» **The problem**: Whenever an image turns up, omit it and return the remaining data exactly.

#### Exercise data

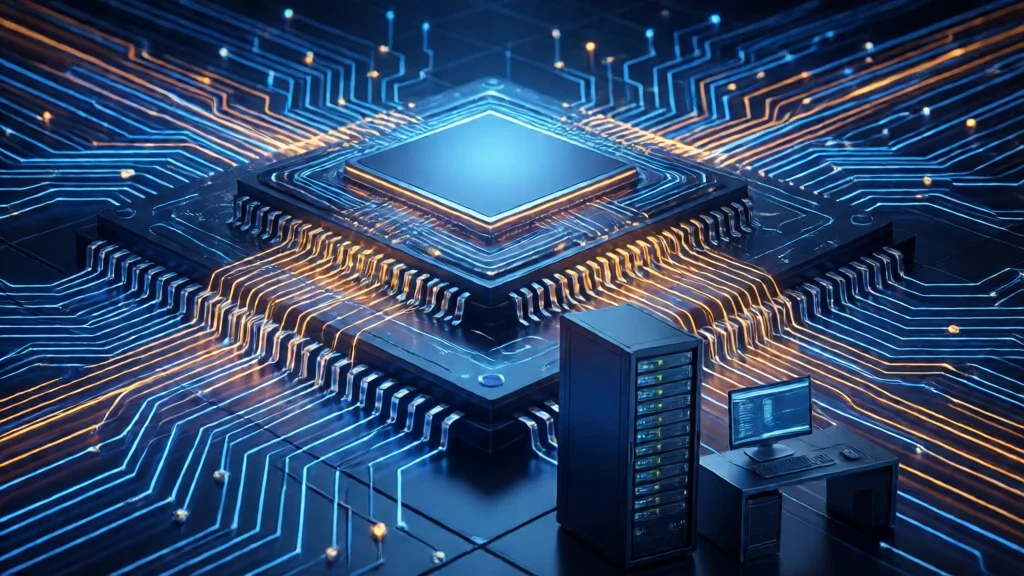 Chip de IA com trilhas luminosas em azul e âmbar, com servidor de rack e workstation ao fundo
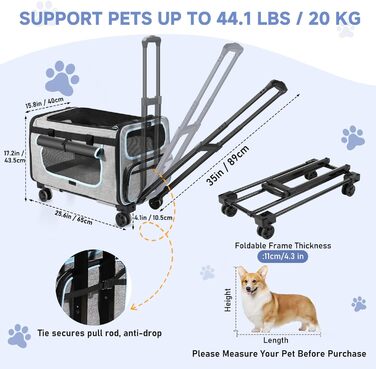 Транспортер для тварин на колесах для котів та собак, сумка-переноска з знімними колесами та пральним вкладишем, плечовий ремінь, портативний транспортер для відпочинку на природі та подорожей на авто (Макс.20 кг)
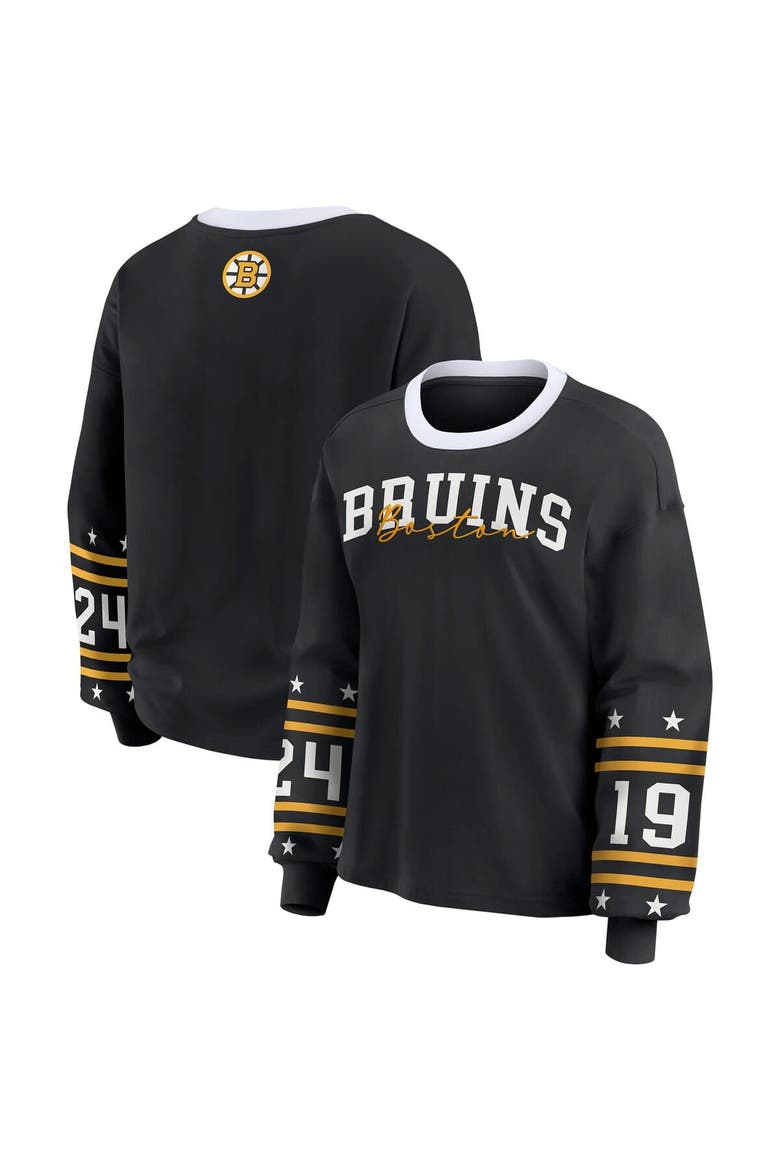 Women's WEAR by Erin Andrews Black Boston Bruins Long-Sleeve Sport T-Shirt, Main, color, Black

########

» **Your response**:
 Chip de IA com trilhas luminosas em azul e âmbar, com servidor de rack e workstation ao fundo
 Транспортер для тварин на колесах для котів та собак, сумка-переноска з знімними колесами та пральним вкладишем, плечовий ремінь, портативний транспортер для відпочинку на природі та подорожей на авто (Макс.20 кг)
 Women's WEAR by Erin Andrews Black Boston Bruins Long-Sleeve Sport T-Shirt, Main, color, Black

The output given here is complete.